New IX,9 for Bullock and Robertsonby Jack Geldard - UKC Chief Editor Feb/2012
This news story has been read 7,589 times
Nick, who keeps a blog at nickbullock-climber.co.uk, has given us permission to run his blog post about this route, which is featured below:
The drive from Roy Bridge to Lochnagar is becoming a regular occurrence. A slow twisting, mesmerising battle with fatigue and hare avoidance.
Arriving at the Glen Muick car park at seven pm, I shuffle, re-arrange, plug-in the stove, wrap my sleeping bag, settle down and wait. At some point the bundle of built up angry energy Guy Robertson will arrive.
Waking at four fifteen, breakfasting, coffee x 2, and walking, and walking. The col looking over the crag is never a disappointment, and now that the weekend is over the weather has once again turned drop dead gorgeous. Its mornings like this that make my frugal, roving existence worth more than any wage slip.
Three false starts, the clock ticks but eventually the Robbenator is cautiously creeping the technical groove of an E6 called Steep Frowning Glory on Black Spout Wall. He climbs beneath a huge roof which is passed on the left by using poor hooks and imaginary footholds and now he stands belaying on the sloping ledge at the top of the first pitch of the E3 Black Spout Wall. 40m, Technical 9. (The first two pitches of Steep Frowning Glories E6)
I start to climb, Robbo informs me that once I'm on my way it will be fine, but getting going is the second 5c pitch of Black Spout Wall and starting is bold, technical and scary. "Jesus, these sloping ledges give nothing." Laybacking from a poor hook I reach... 'Wonders'... a perfect pick slot and I'm away for a further twenty-five metres, burling on torques, passing roofs with imaginary feet. 30m, Technical 8. (The second pitch of Black Spout Wall. E3.)
Robbo joins me in the red of another sunset on Lochnagar and climbs the summer Link pitch three to stand on a crest beneath a wall split by several off-width cracks.

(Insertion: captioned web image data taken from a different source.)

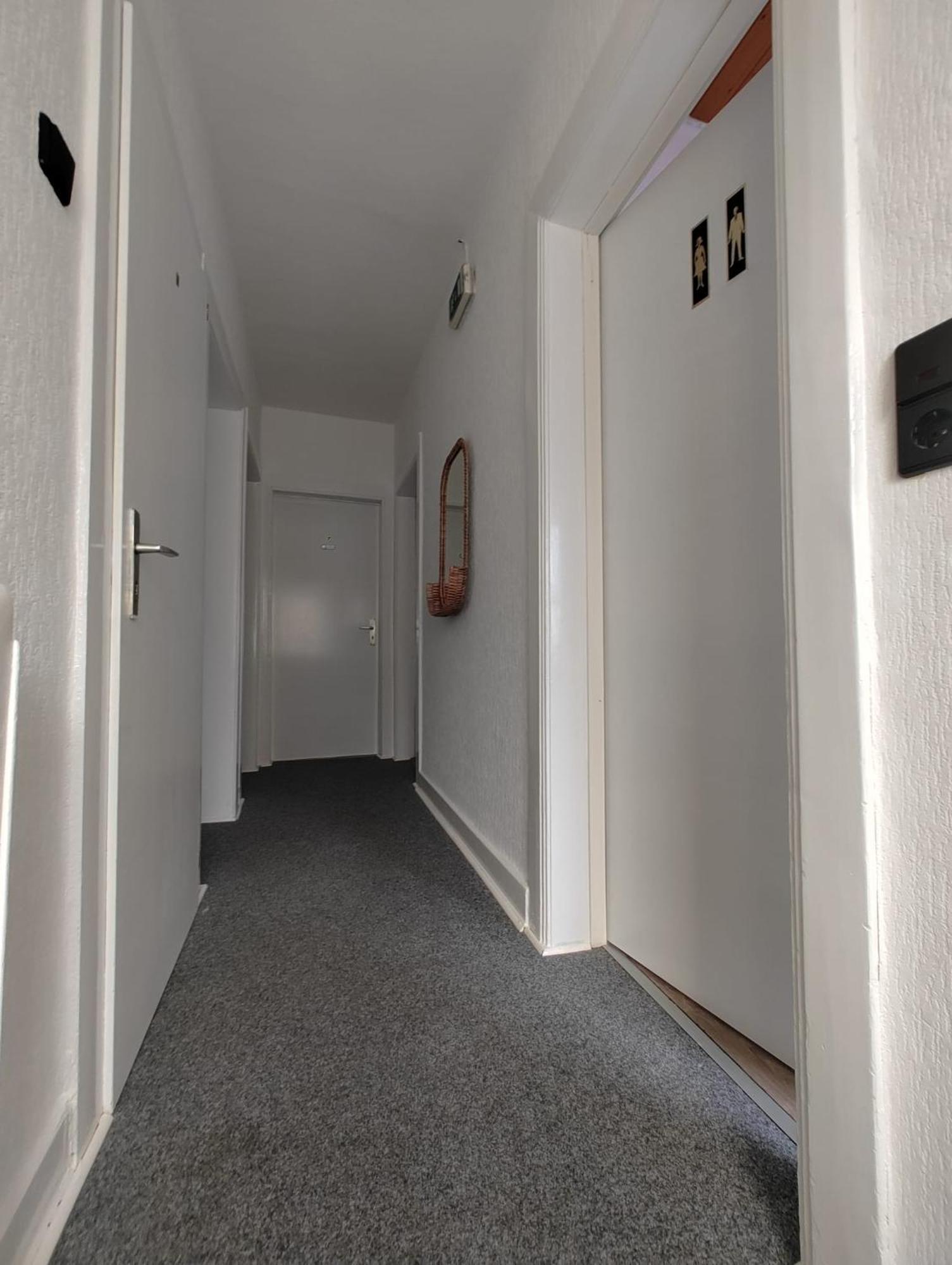 Guesthouse - Weeze Rooms Bagian luar foto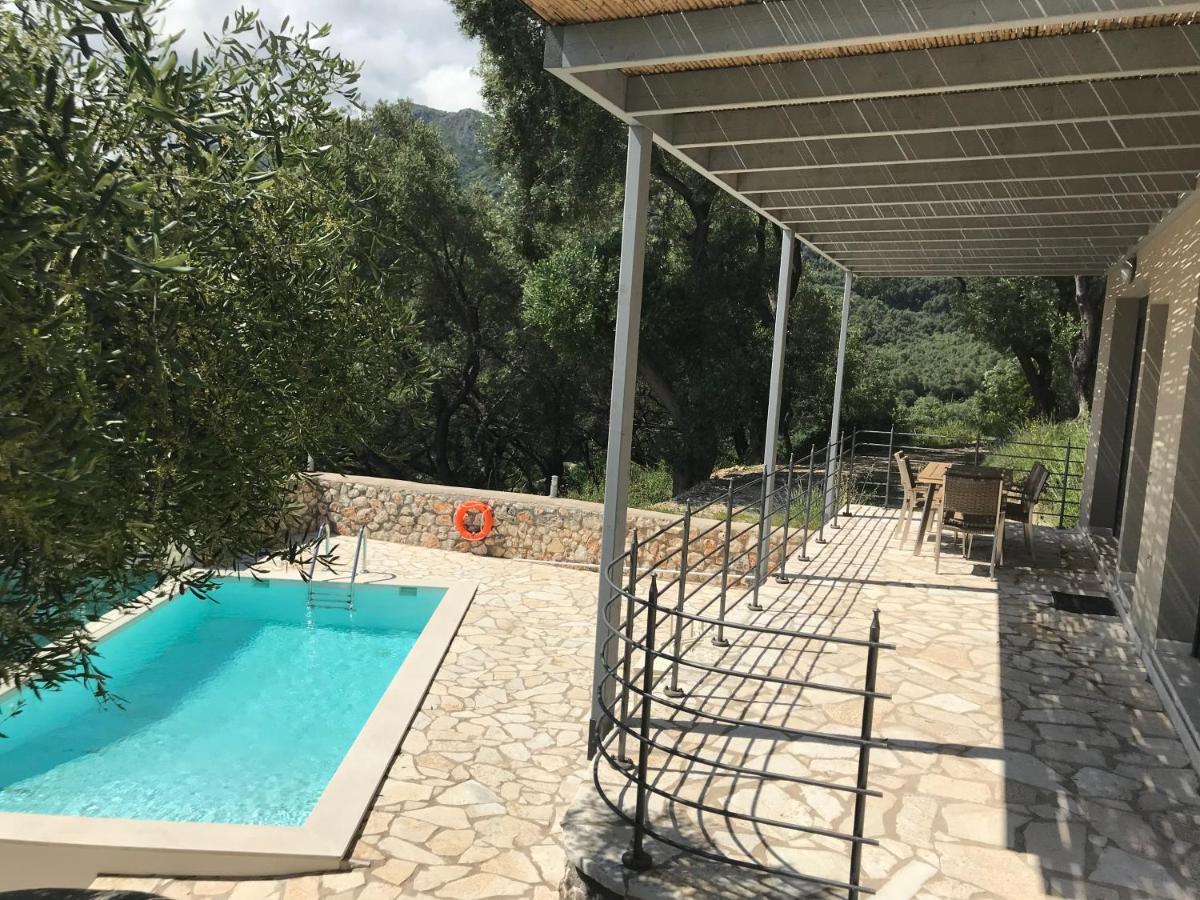 Asaya Hills Villas Parga Esterno foto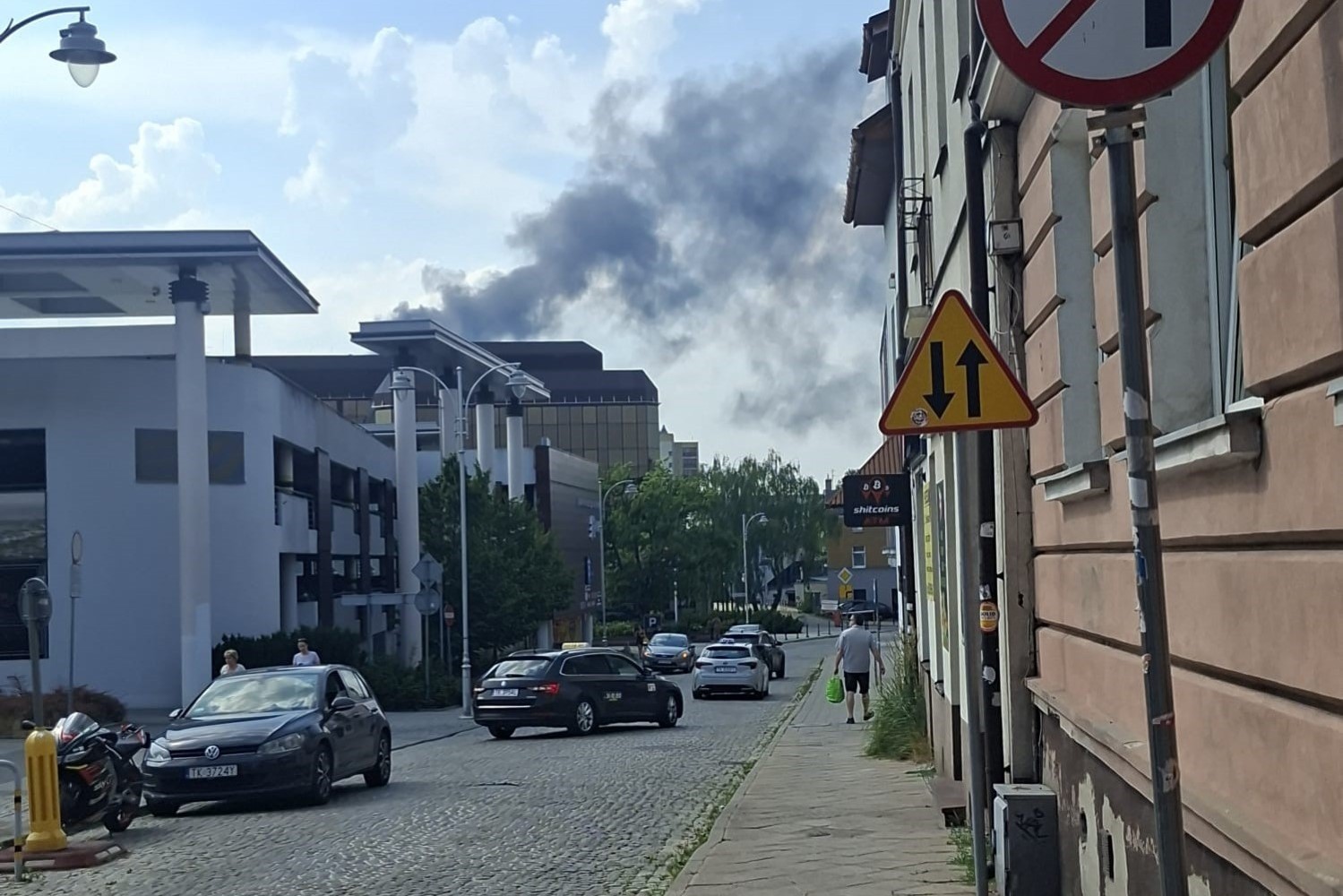 Kłęby dymu nad miastem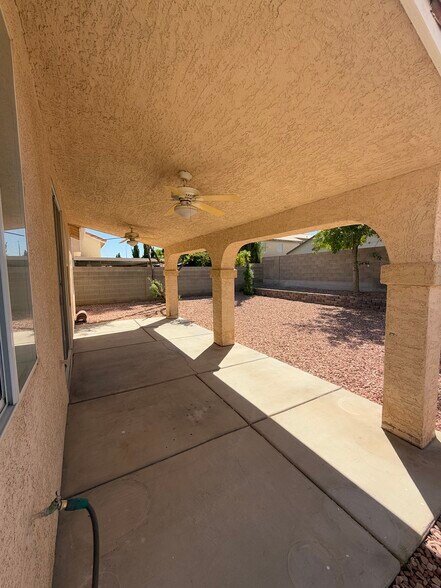 Building Photo - 757 Roddenberry Ave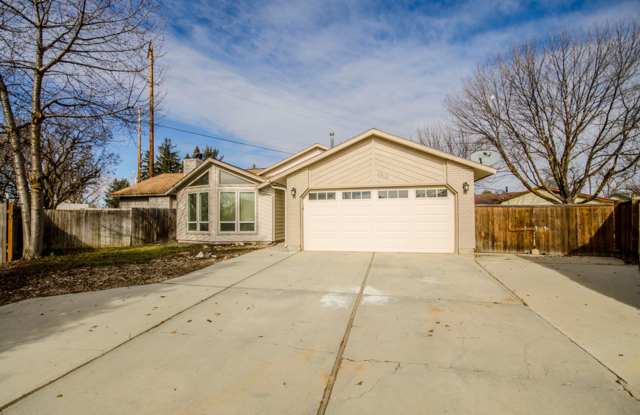 Beautiful 4 bedroom Single Level Home with Hard Wood Floors _ Pet Friendly! photos photos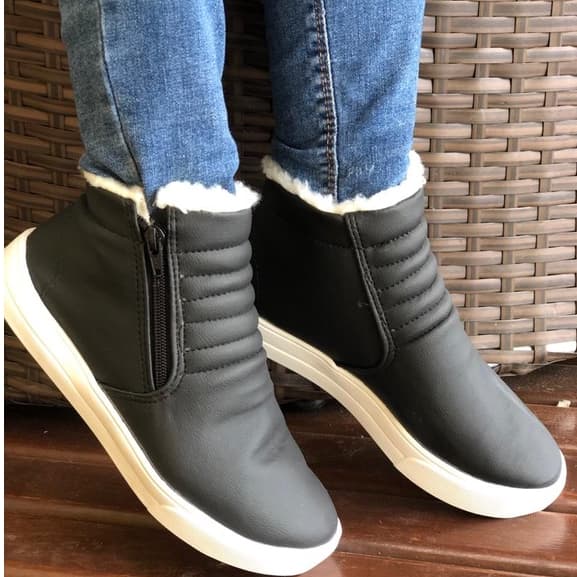 Bota cano curto Feminina Peluciada Inverno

After spending over six hours on the first two pitches the movement is welcomed. 30m, Technical 7. (The third pitch of Summer Link.)
Overtaken by the dark I pull into a steep off-width on the left of the wall. My headtorch beam fails to illuminate any footholds, well apart from the leg gobbling crack. Having climbed the Link Direct a few days before I can tell this crack leads to just beneath the overhanging finish of that route, I refuse to be stopped now. Stuffing a leg into the off-width my left leg scrabbles and flags, shoulders burn and up is the way, failure is not allowed. Suddenly I recognise my position; I'm halfway up the final crux pitch of the Link Direct. I consider belaying knowing how steep the final three metres of climbing is, but I know Robbo will crucify me and call me a southern pansy. 30m Technical 8. (The Inhospitable Crack of Black Spout Wall and final few moves of The Link Direct overhang crux)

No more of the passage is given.